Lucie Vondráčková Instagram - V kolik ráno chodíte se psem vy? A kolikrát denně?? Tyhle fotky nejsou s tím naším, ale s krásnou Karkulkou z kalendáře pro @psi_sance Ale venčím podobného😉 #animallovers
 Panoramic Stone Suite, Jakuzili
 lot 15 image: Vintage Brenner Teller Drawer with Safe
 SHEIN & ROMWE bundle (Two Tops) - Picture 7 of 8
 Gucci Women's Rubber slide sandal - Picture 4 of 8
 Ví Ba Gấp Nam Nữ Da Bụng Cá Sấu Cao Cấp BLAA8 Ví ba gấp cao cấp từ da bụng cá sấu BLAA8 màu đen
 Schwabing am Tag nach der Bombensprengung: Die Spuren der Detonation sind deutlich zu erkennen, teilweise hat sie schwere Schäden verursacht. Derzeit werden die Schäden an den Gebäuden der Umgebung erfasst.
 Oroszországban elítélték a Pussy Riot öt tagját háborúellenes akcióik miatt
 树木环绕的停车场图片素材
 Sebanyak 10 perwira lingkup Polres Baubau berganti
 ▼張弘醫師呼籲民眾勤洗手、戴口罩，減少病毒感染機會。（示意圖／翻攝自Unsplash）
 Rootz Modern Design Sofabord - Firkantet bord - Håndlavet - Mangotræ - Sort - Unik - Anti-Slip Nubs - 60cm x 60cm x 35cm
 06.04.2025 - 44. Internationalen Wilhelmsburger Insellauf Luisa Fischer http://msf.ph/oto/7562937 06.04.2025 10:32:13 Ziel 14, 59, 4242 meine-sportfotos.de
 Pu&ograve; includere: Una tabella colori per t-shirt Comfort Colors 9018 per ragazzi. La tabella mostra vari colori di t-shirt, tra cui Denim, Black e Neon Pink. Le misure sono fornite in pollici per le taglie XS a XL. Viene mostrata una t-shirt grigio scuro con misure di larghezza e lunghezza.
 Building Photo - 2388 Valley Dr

* * * * *

**THE TASK**
Only the lines that contain the word "Picture" should be copied from the material.

**ANSWER SECTION**
 SHEIN & ROMWE bundle (Two Tops) - Picture 7 of 8
 Gucci Women's Rubber slide sandal - Picture 4 of 8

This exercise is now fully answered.